> Goal of the exercise:
Reproduce exactly the run of lines that begins with the one containing "연한 민트색 상의를 입은" and ends with the last line of the records, omitting pictures.
═══
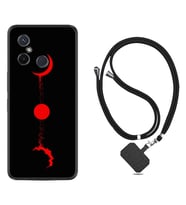 Xiaomi Redmi 12C Kılıf Silikon Boyun Askılı İpli Desenli Silikon Red Moon 1710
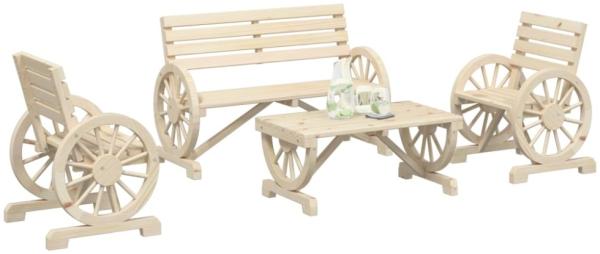 vidaXL 4-tlg. Garten-Lounge-Set Massivholz Tanne 3207131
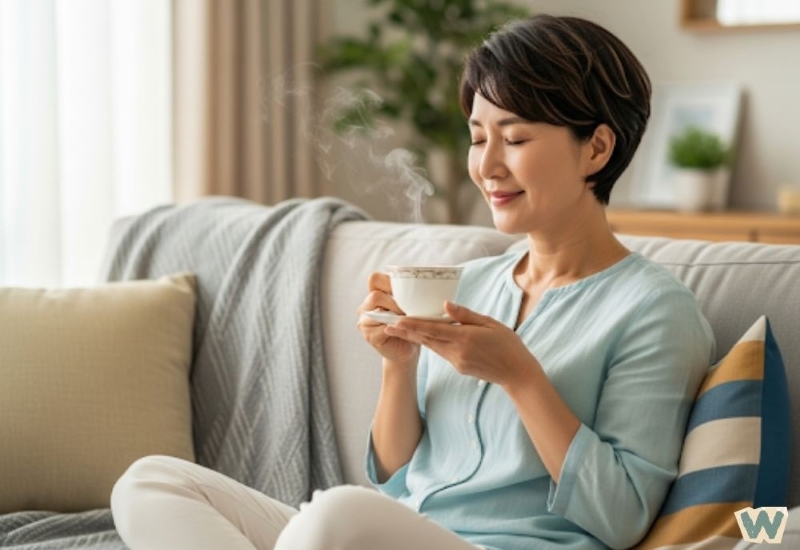 연한 민트색 상의를 입은 중년 여성이 소파에 편안히 앉아 따뜻한 차를 마시며 평온한 표정을 짓고 있는 모습, 아늑한 거실 배경 via canva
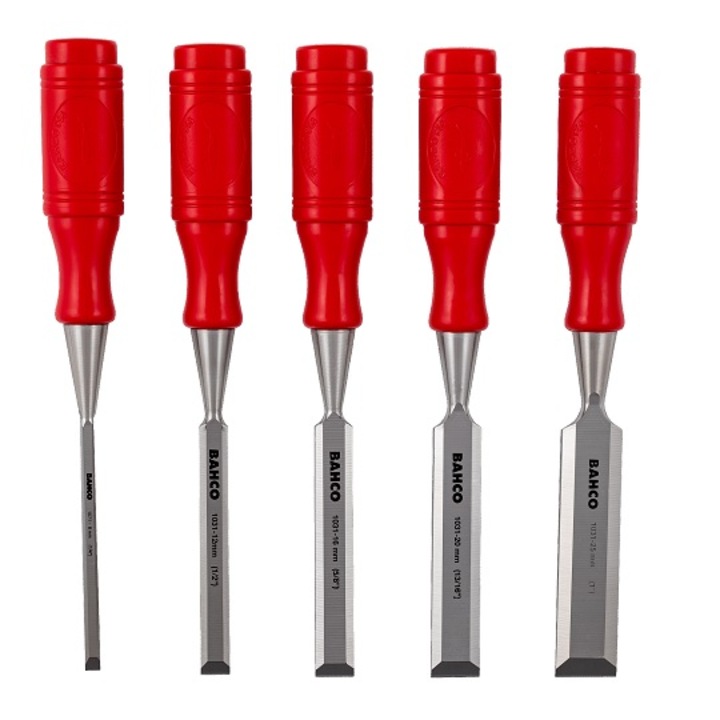 5 db-os vésőkészlet fához, Bahco, 6 / 12 / 16 / 20 / 25 mm, piros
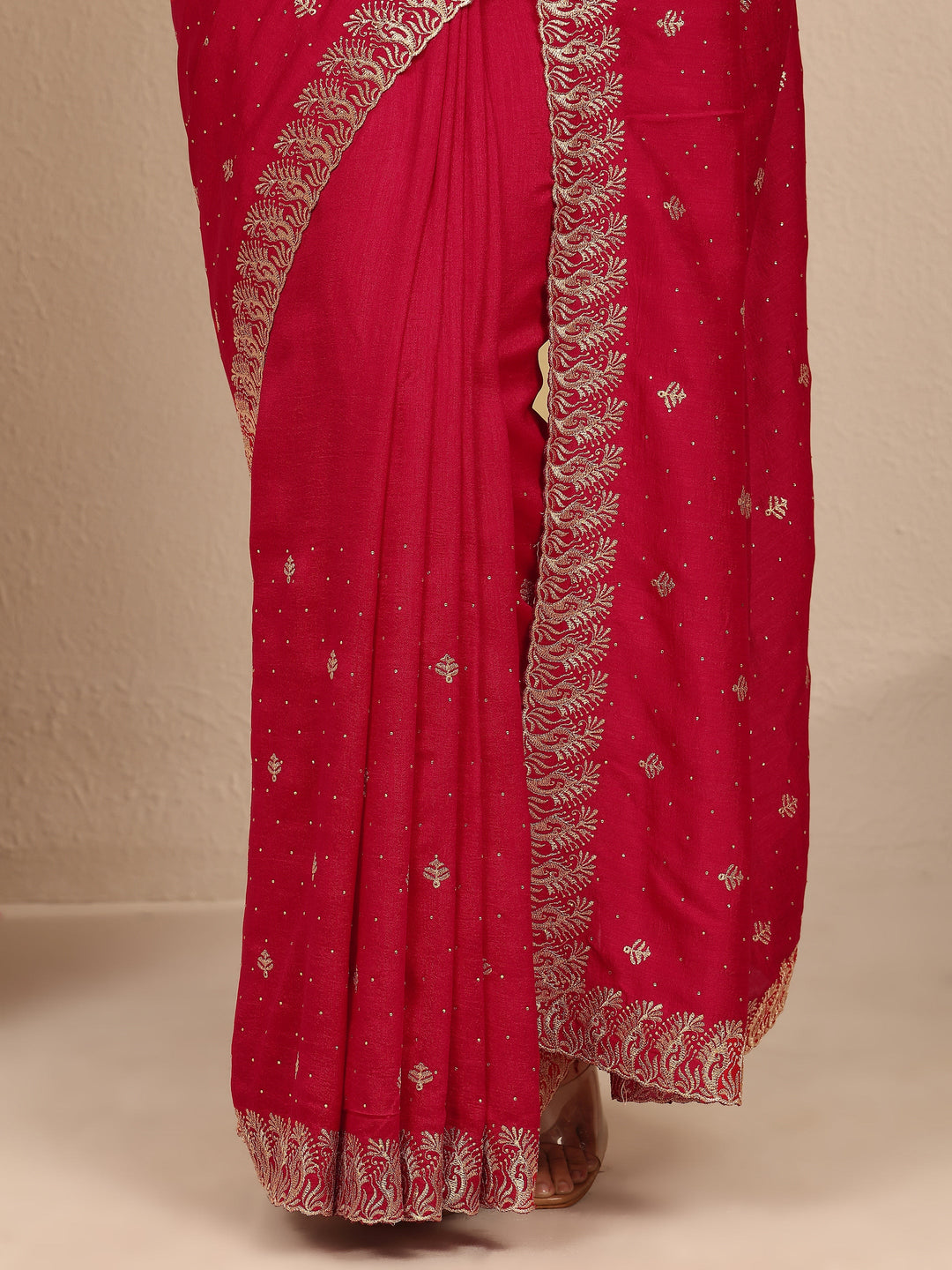  Pink Embroidered Silk Blend Saree With Unstitched Blouse Piece 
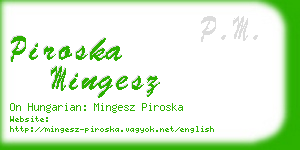 piroska mingesz business card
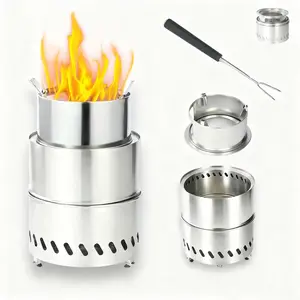 Smokeless Tabletop Fire Pit with Stand Foldable Portable Fire Pit for Outdoor Cooking and Camping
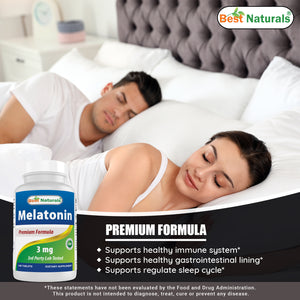 Best Naturals Melatonin 3 mg 100 Tablets (100 Days Supply) | Drug-Free Nighttime Sleep Aid - Melatonin for Sleep and Relaxation
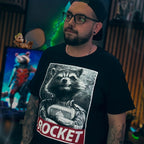 Imagen del producto Camiseta Rocket Raccoon negra - Marvel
═══
> Answer box:
 연한 민트색 상의를 입은 중년 여성이 소파에 편안히 앉아 따뜻한 차를 마시며 평온한 표정을 짓고 있는 모습, 아늑한 거실 배경 via canva
 5 db-os vésőkészlet fához, Bahco, 6 / 12 / 16 / 20 / 25 mm, piros
  Pink Embroidered Silk Blend Saree With Unstitched Blouse Piece 
 piroska mingesz business card
 Smokeless Tabletop Fire Pit with Stand Foldable Portable Fire Pit for Outdoor Cooking and Camping
 Best Naturals Melatonin 3 mg 100 Tablets (100 Days Supply) | Drug-Free Nighttime Sleep Aid - Melatonin for Sleep and Relaxation
 Imagen del producto Camiseta Rocket Raccoon negra - Marvel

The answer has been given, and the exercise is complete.